COMPASS spins in new directions

The COMPASS experiment is preparing for a new phase in its physics programme: COMPASS-II. Due to start in 2014, COMPASS-II will bring a powerful new look at the building blocks of protons: quarks and gluons.


The COMPASS installation.

It’s an exciting and busy time for COMPASS. As one of the few experiments in the world capable of studying the internal structure of protons with high precision, COMPASS uses secondary beams from the SPS accelerator to study a variety of quark and gluon properties.
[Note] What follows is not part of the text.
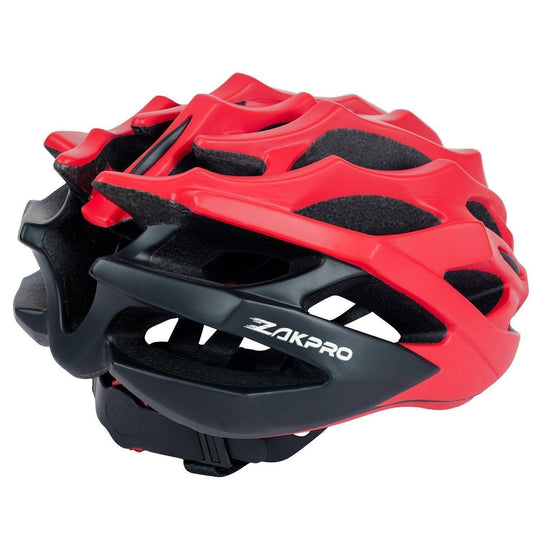 ZAKPRO Inmold Cycling Helmet - Signature Series (Red)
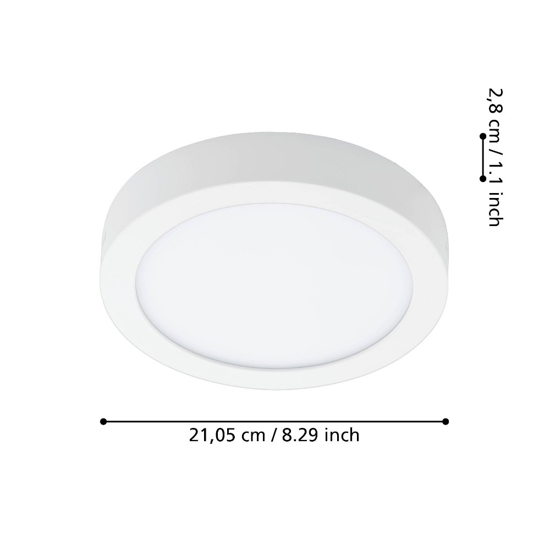 Eglo fueva plafoniera per bagno led tonda ip44 smart home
This includes their distribution within nucleons, their contribution to nucleon spin and the way they form hadrons when pulled out from the nucleon - all properties that may also improve the understanding of proton collisions in the LHC.

In 2014, a new chapter will begin for the COMPASS collaboration. “We have two new phases planned for COMPASS-II,” explains Fabienne Kunne, COMPASS co-spokesperson. “The first will begin in 2014, colliding 190 GeV negative pion beams into a polarised target. This will allow us to make the first polarised measurements of the Drell-Yan process.”
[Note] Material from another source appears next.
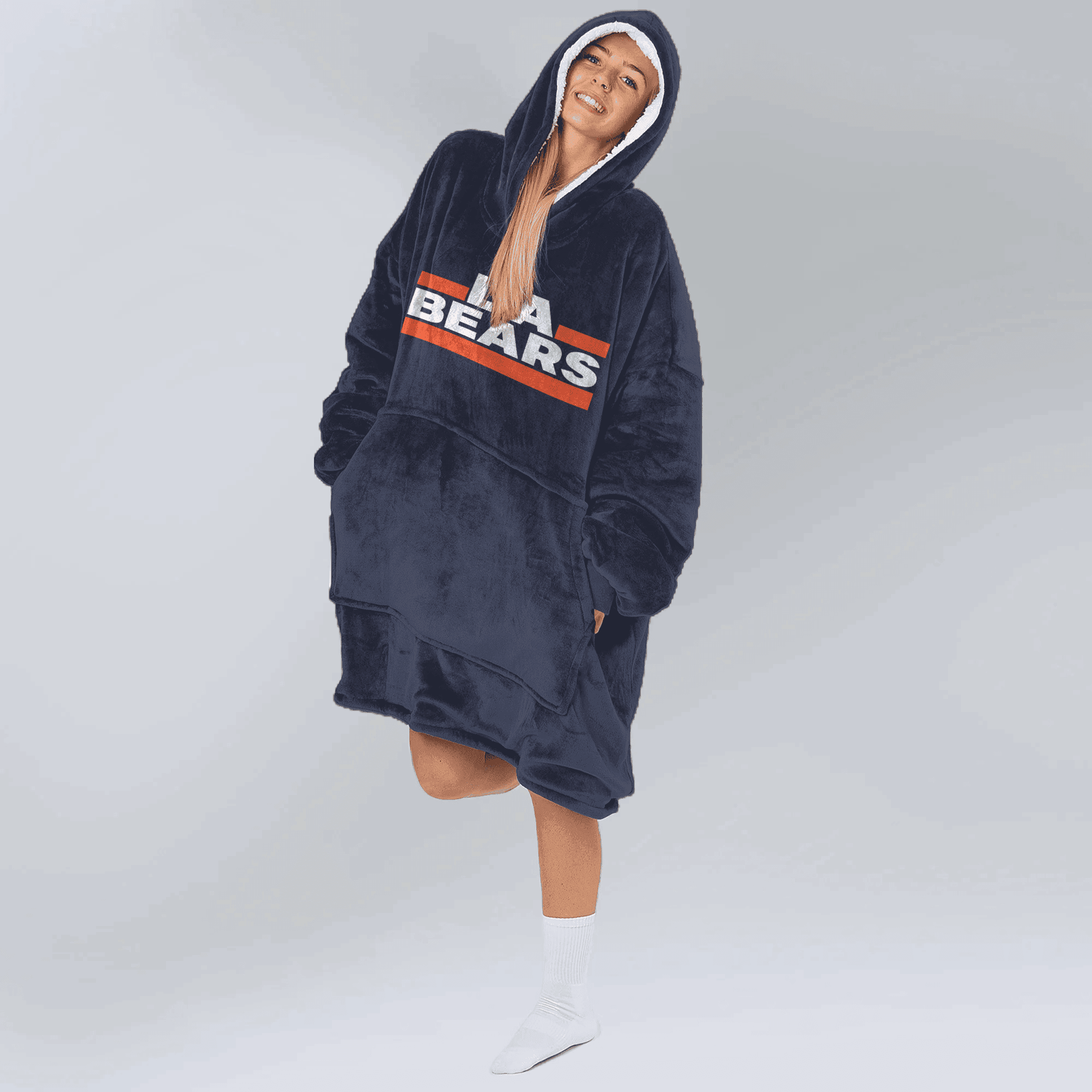 Da Bears Chicago Blanket Hoodie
The Drell-Yan process occurs when a quark and an antiquark annihilate at high energies, producing two leptons in the final state. Using measurements of the azimuthal distribution of particles in this process, the COMPASS collaboration will look for differences with previous COMPASS studies in order to test current Standard Model theory. To accomplish these measurements, COMPASS will be moving the polarised target further upstream of the beamline and inserting an absorption medium behind it to track the muon pairs that dominate the collisions.
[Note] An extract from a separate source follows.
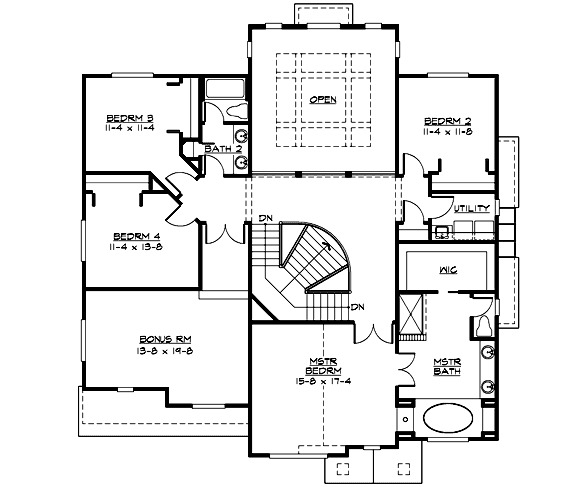 Upper/Second Floor Plan:88-618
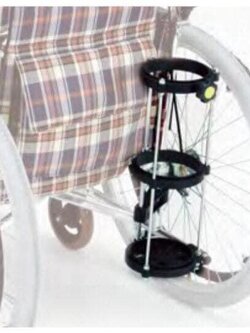 อุปกรณ์ใส่ถังออกซิเจนบนรถเข็นวีลแชร์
“The second phase of COMPASS-II will begin in 2015 and will focus on gathering a kind of 3D picture of the nucleon,” says Andrea Bressan, COMPASS co-spokesperson. “By analysing the general distribution of particles inside the nucleon and taking account of their spin and transverse momentum, we hope to gain a new understanding of the internal dynamics of the nucleon. We also hope to gather the first understanding of the quark orbital angular momentum, which has yet to be measured.”

For this study, the collaboration will use 160 GeV muon beams and a new liquid-hydrogen target. This target is currently being constructed by CERN’s Cryogenics Group (TE) and will be installed in September 2012. “We will be conducting a pilot run of this new set-up, gathering preliminary data to ensure the 2015 run goes as smoothly as possible,” concludes Fabienne.